Pelajar adalah orang yang sedang belajar dan mencari ilmu dengan bimbingan pengajar. Pelajar yang dimaksud dalam penelitian ini adalah pelajar SMA Ma’arif, SMA Muhammadiyah 3 Plus, dan MA PERSIS Pajagalan.

Ormas keagamaan adalah organisasi masyarakat yang dibentuk oleh kesadaran masyarakat dan bergerak dalam bidang agama Islām. Ormas


(35)

Keagamaan yang dimaksud dalam penelitian ini adalah ormas Nahdatul Ulama, Muhammadiyah, dan Persatuan Islām.
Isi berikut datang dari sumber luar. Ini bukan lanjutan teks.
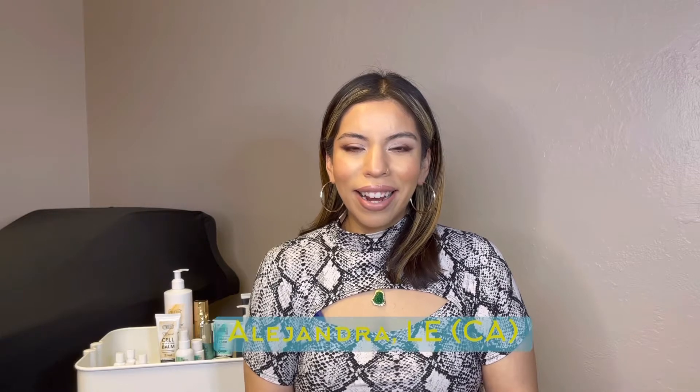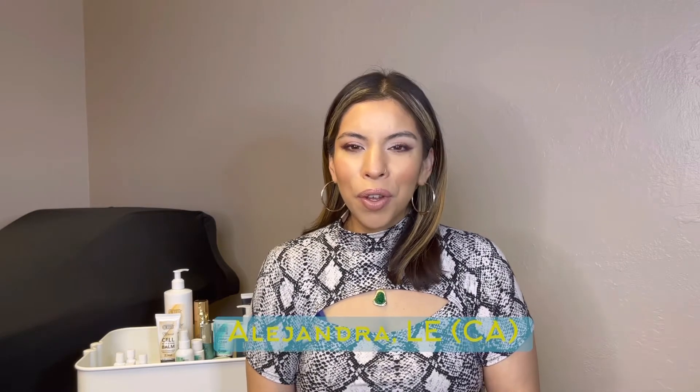Hello my beautiful people, it's Alejandra. I'm back with another video. If you haven't gotten a chance to check out my other two previous videos, go ahead and watch those. I am here in my brand new studio, getting ready for my grand opening, and I am organizing some of my back bar products. I thought, what a better way to show you guys what products I use and how I got started on those lines.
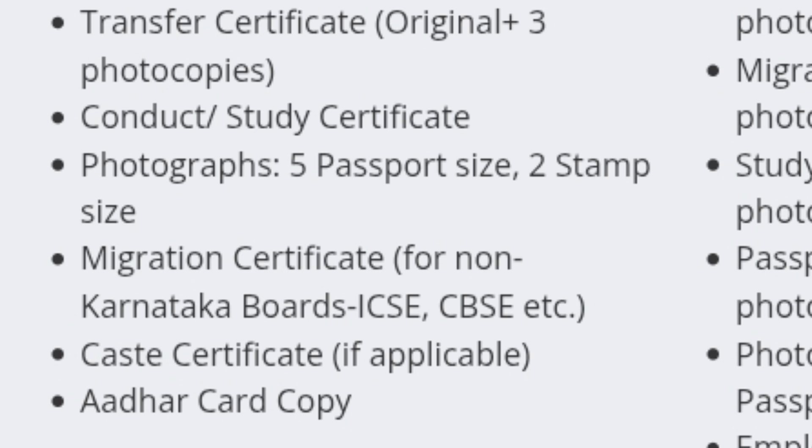Next are photographs. You require seven photographs in total — five should be passport size and two should be stamp size. Anyone coming from non-Karnataka boards like ICSE, CBSE, or any other board from another state must bring a migration certificate. For Karnataka PU board students, a migration certificate is not required.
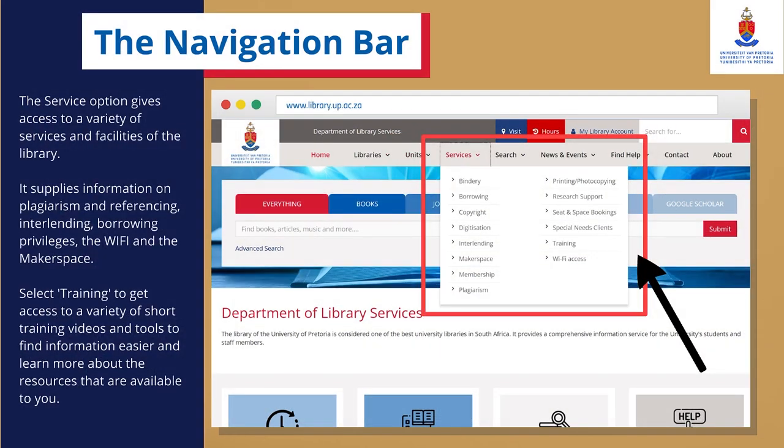The Services option gives access to a variety of services and facilities of the library. It supplies information on plagiarism and referencing, interlending, borrowing privileges, the WiFi and the makerspace. Select Training to get access to a variety of short training videos and tools to find information easier and learn about the resources that are available to you.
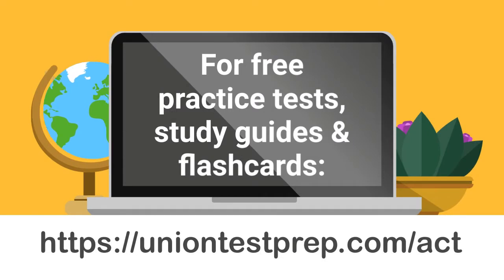For free practice tests, study guides, and flashcards for the ACT, please visit us at uniontestprep.com/ACT.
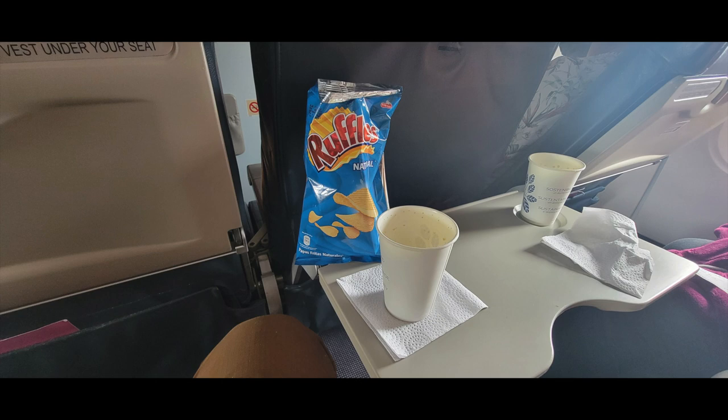The food service on LATAM is complimentary — no extra price — but it consists basically of chips and some sort of soda or coffee. It was not exciting, although I did appreciate having some soda and chips because I always like those.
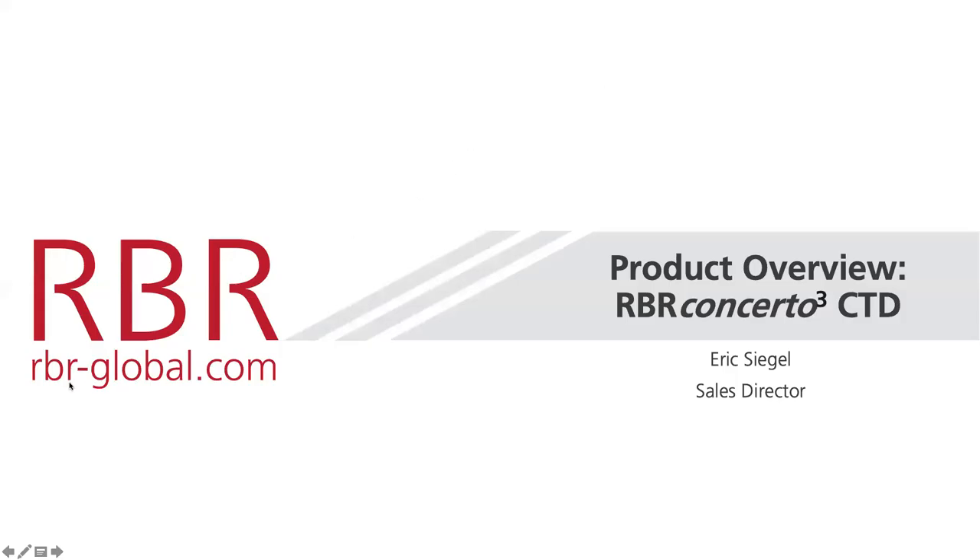Welcome to the RBR webinar series. I'm going to be giving a short product overview of the RBR Concerto CTD, which Anna Michelle, one of our speakers after this short section, will be speaking about — specifically how she's using it on an autonomous platform.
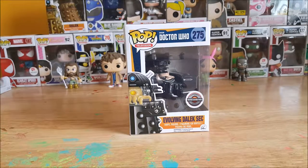All right guys, welcome back to Comageddon. I'm Shannon and today on your pop review we have the Pop Television BBC Doctor Who 275 GameStop Exclusive Evolving Dalek Sec vinyl figure. Stay tuned.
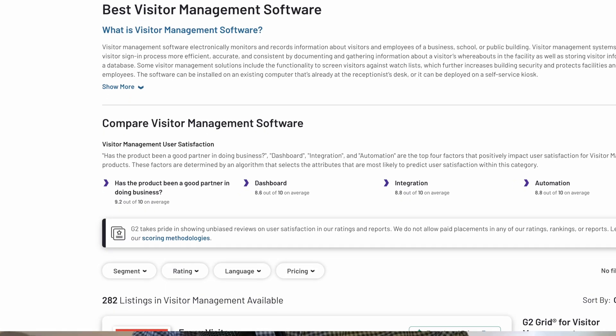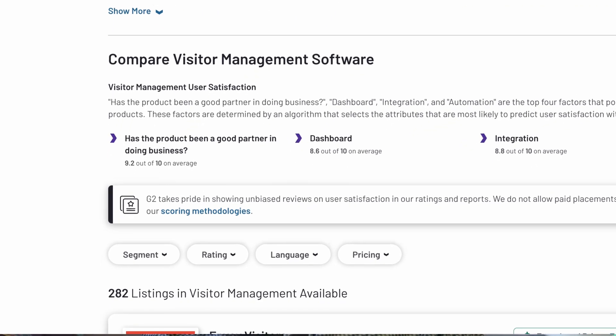If you look at G2 today in the visitor management category there are 280 solutions. Now a lot of those aren't really software companies that fully focus on visitor management, so the actual number is lower, but nonetheless there are tons of options when it comes to visitor management systems. So how on earth are you supposed to make the right choice? Well, I'm hoping this video will help with that.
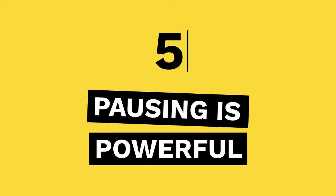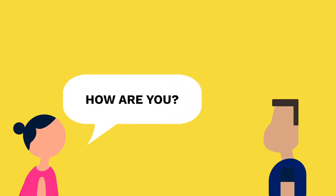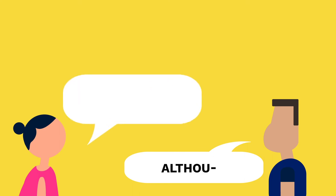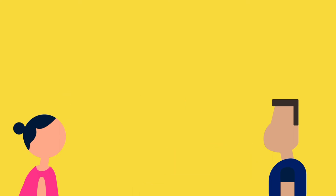Tip 5: Pausing is powerful. Once you've asked your question, let the interviewee respond, listen to the response, and then wait at least 10 seconds or more. You never want to interrupt your interviewee. I know, I know — this one feels a bit uncomfortable at first, but it's really important.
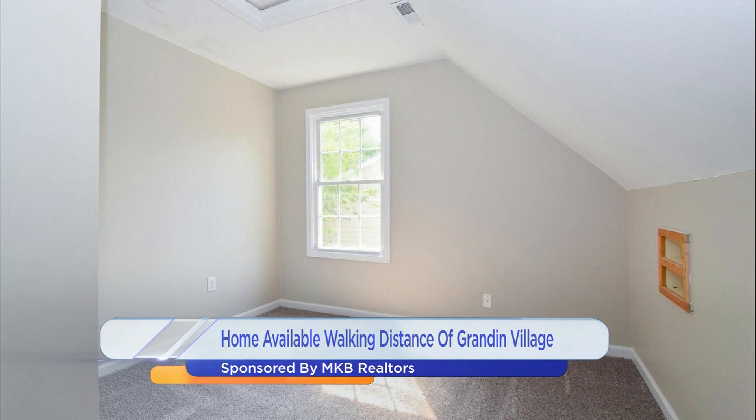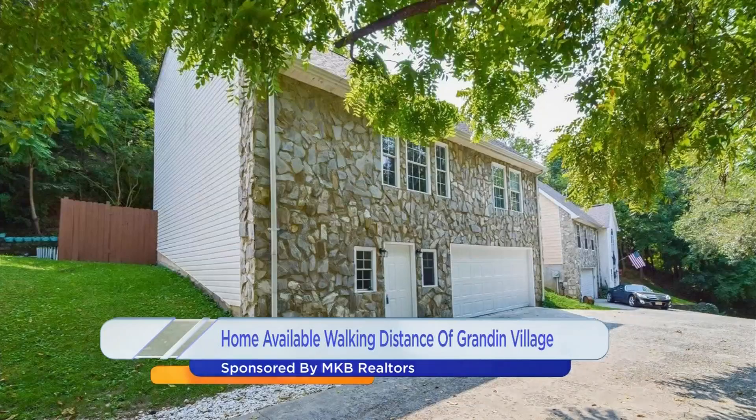What kind of family or situation would this best suit? Anybody, really. But it's not too big — three bedrooms, three-and-a-half baths is kind of what most people are looking for right now. And at the price point, it is just worth every penny.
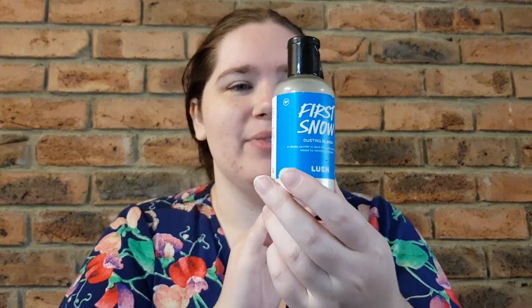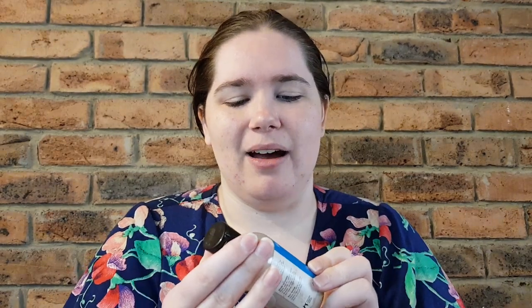I know there are a few of you who are more old-school Lushies who could definitely help me out with that, so please let me know if you do know. I love this sort of blue color here, and the way it's been marketed. I love any of the old dusting powders — they're just a fun product and I wish Lush would do more different ones. But let's get into the ingredients.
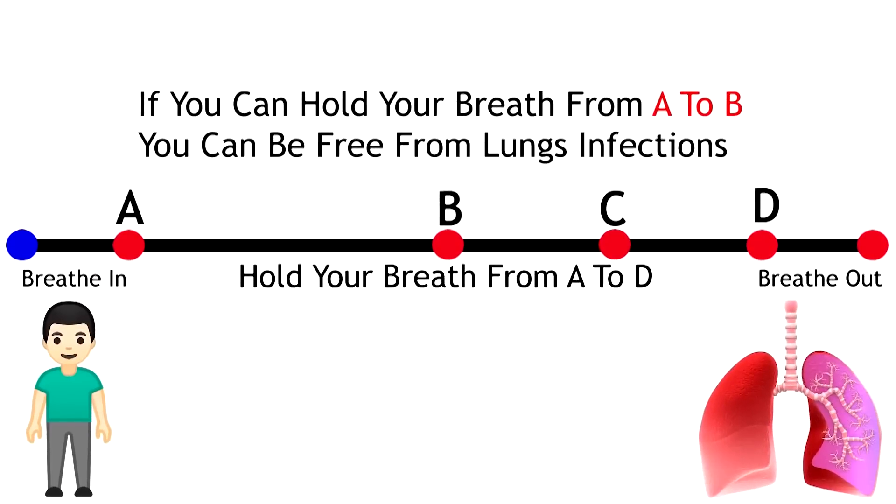Let's do a test to see how good your lungs are. As we get older our lungs get worse, so if you're younger this test should be easy. Take a look at the dot on the top of your screen, take a deep breath in right now, and hold your breath until the dot gets to the other side. All right, you can now breathe out.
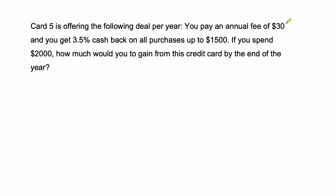Okay, so in this problem, we pay an annual fee of $30, and we get 3.5% cash back on all of our purchases up to $1,500, and we're told that we spend $2,000. How much would you gain from this credit card by the end of the year?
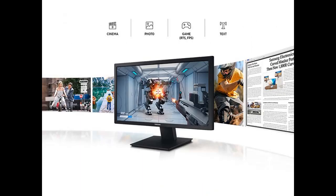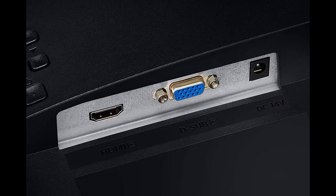Virtually eliminate eye strain for more comfortable extended computing with eye comfort technology. Flicker-free continuously removes irritating flicker, while eye-saver mode minimizes blue light.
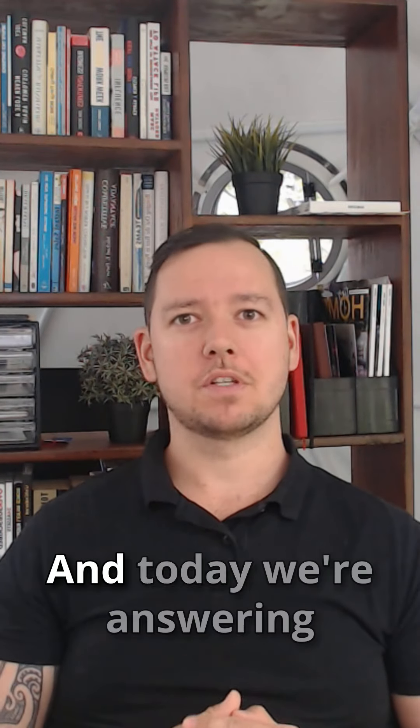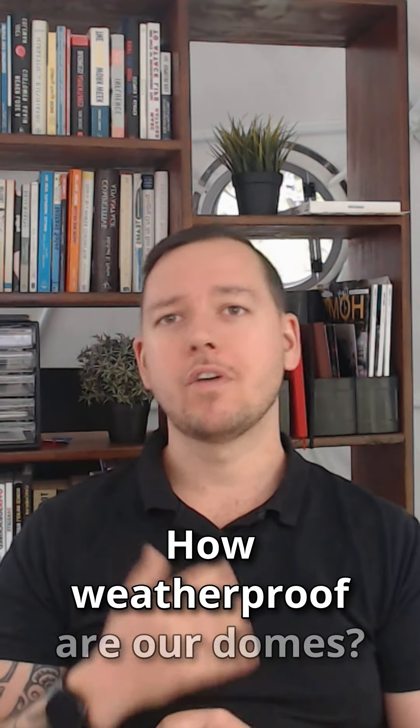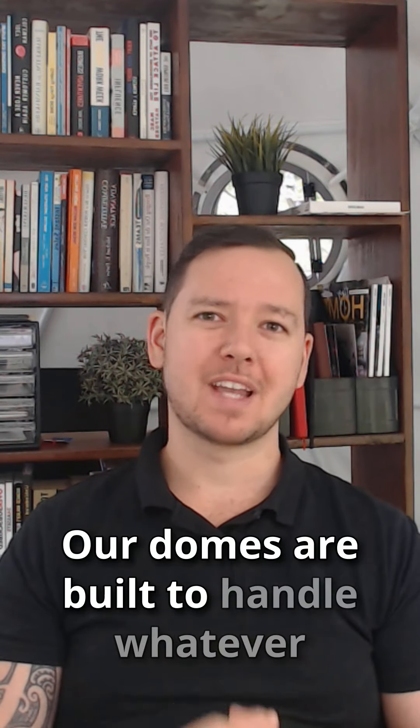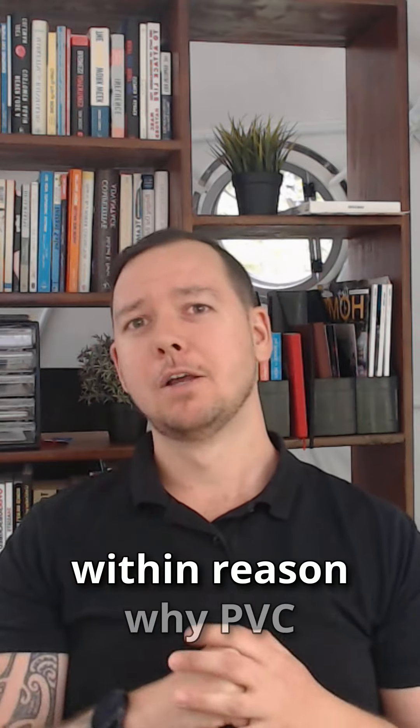G'day guys, Jesse here from King Domes and today we're answering a critical question: how weatherproof are our domes? Let's explain why our domes are built to handle whatever Mother Nature throws their way, within reason.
Kerukunan umat beragama ialah terciptanya hubungan yang harmonis, dinamis, rukun dan damai di antara sesama umat beragama di Indonesia (Diputhera, 2002, hlm. 83).

Studi deskriptif adalah studi yang berusaha mendeskripsikan nilai toleransi beragama yang dimiliki oleh para pelajar tingkat SMA yang memiliki latar belakang ormas keagamaan di SMA Ma’arif, SMA Muhammadiyah 3 Plus, dan MA PERSIS Pajagalan.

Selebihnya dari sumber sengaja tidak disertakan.